Owens is part of a 34-person animation team.
“They were people all over the country working on this stuff,” Owens said. “That's how these things get done.”
Each animator is given a scene or scenes to work on. Owen's work includes the daughter waking up and greeting her cat and a scene in which the father goes into a fight ring to battle the hair monster.
“They are small chunks of the film,” he said.
The rough scenes are submitted to the directors for notes and instructions for refinement until all the animators' work is compiled and digitally “smoothed” into the final product.
Team members knew “Hair Love” was in the final selections for Oscar nomination. Cherry, Hawkins and others producers and directors gathered in a Los Angeles area home to watch the nominations announcements, which began at 5:18 a.m., Pacific Time, on Jan. 13.
“It was amazing,” Hawkins said, recalling the early-morning excitement. “The phone started blowing up. It was really cool.”
The directors' party was recorded and posted online for other team members. Owens watched later the same day and learned “Hair Love” was nominated.
“I was watching a video of the watch party,” Owens said. “They were all losing their minds in the room.”

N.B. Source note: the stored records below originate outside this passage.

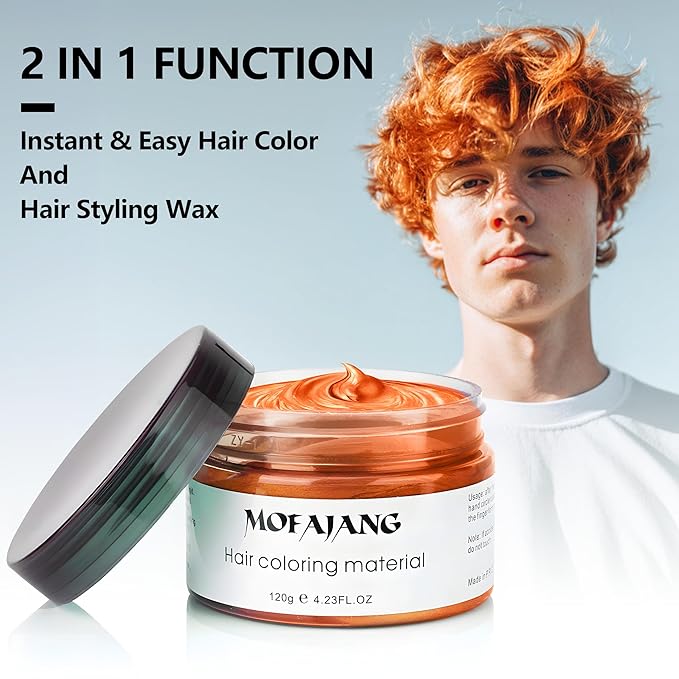 Orange Temporary Hair Color Wax - SOVONCARE Washable Hair Dye for Men & Women, All-Day Hold Disposable Hair Styling Clays for Party, Cosplay & Daily 4.23 oz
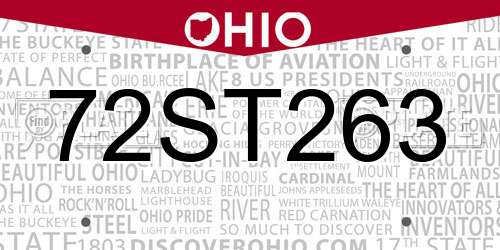 72ST263 Ohio License Plate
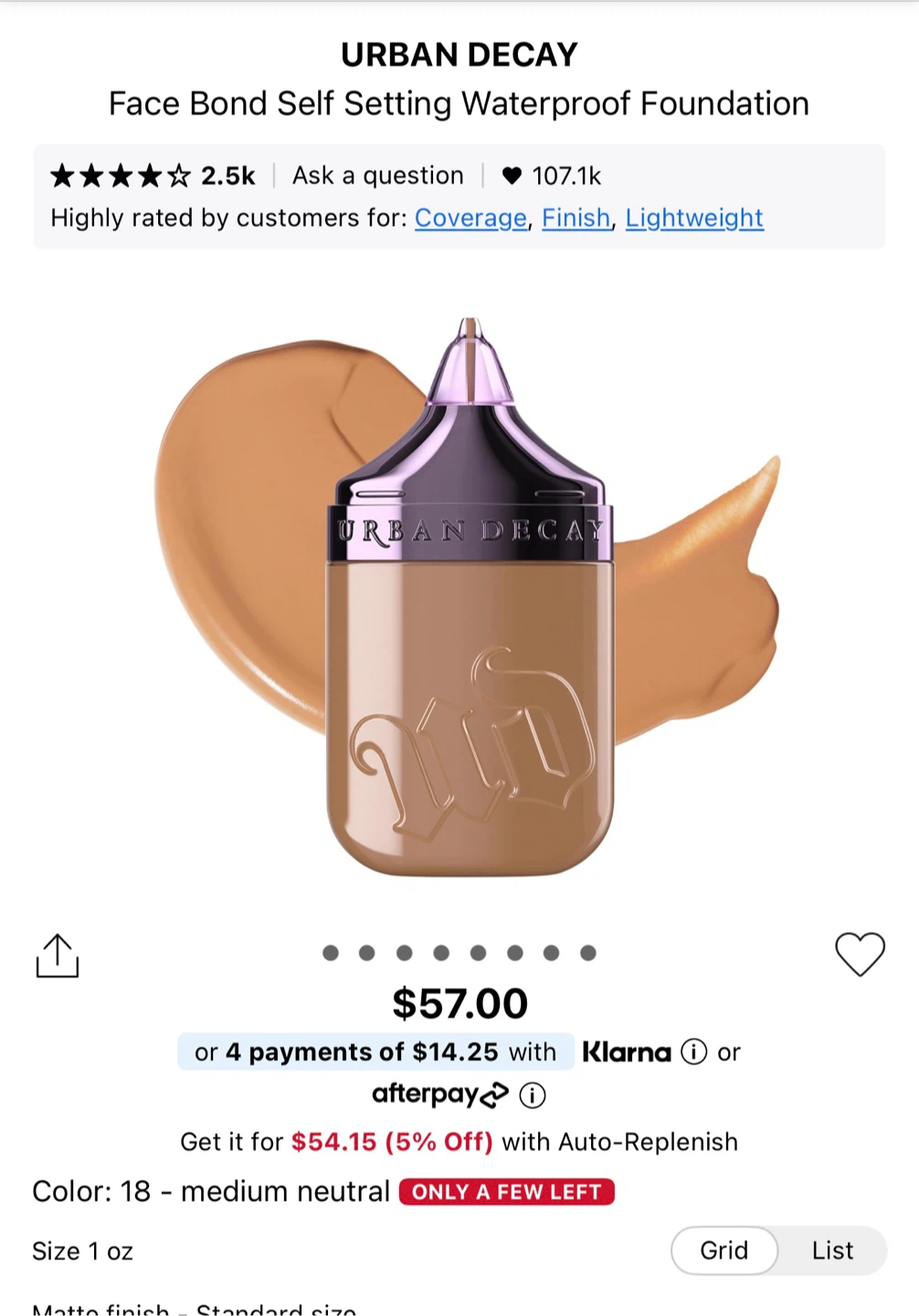Urban Decay Face Bond Waterproof Foundation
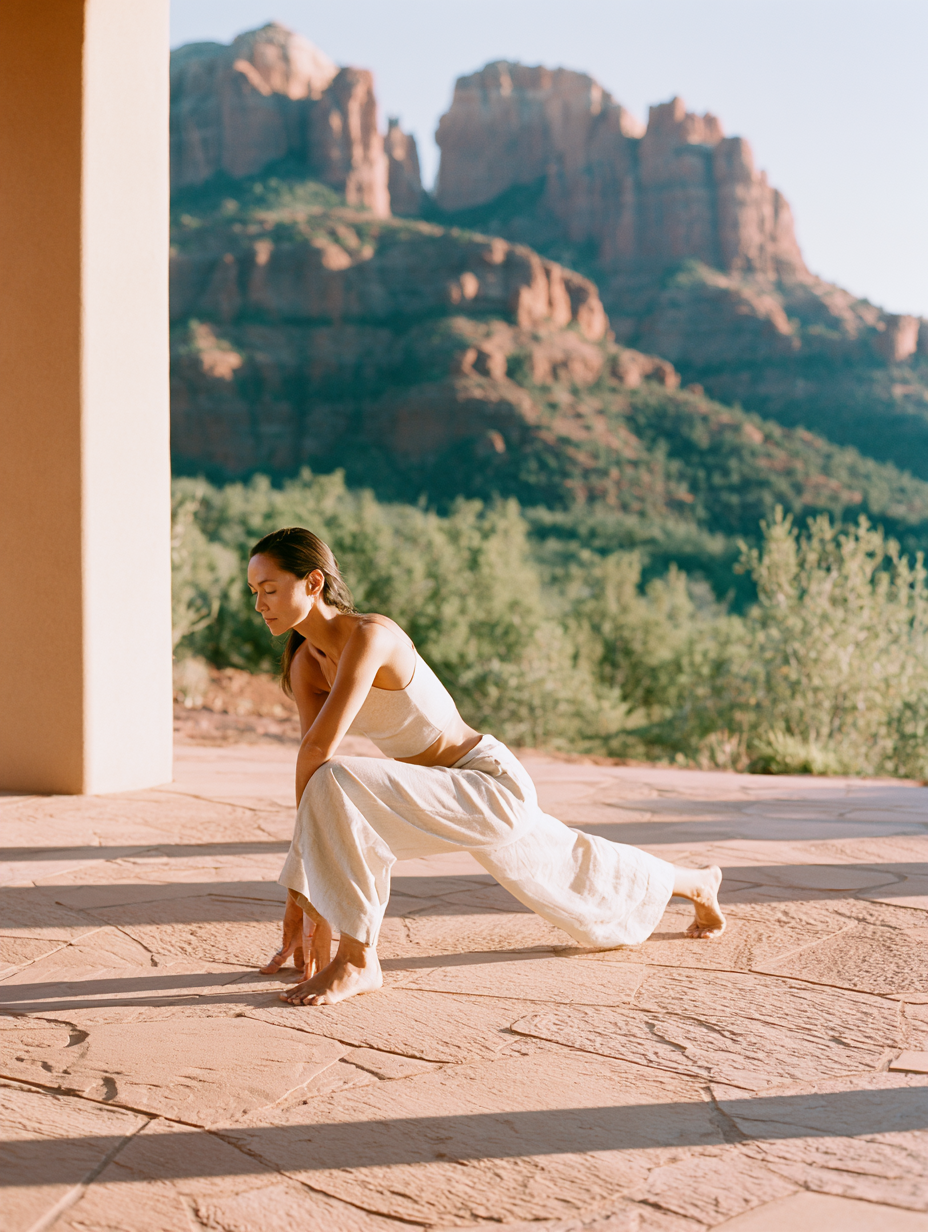 A woman in her late thirties performing a slow controlled movement at Vale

Owens has been working in animation for more than two decades. While studying film and animation at Columbia College Chicago, he launched his career as an animator on “The Animaniacs." He was working with Hanna-Barbera veteran Jon McClenahan.
He met his wife and fellow-animator Wendie Owens while working on “The Animaniacs.” The couple now operate their own animation studio, WOMO Studio in St. Paul.
His parents, David and Kathleen Owens, live in Upper Yoder Township.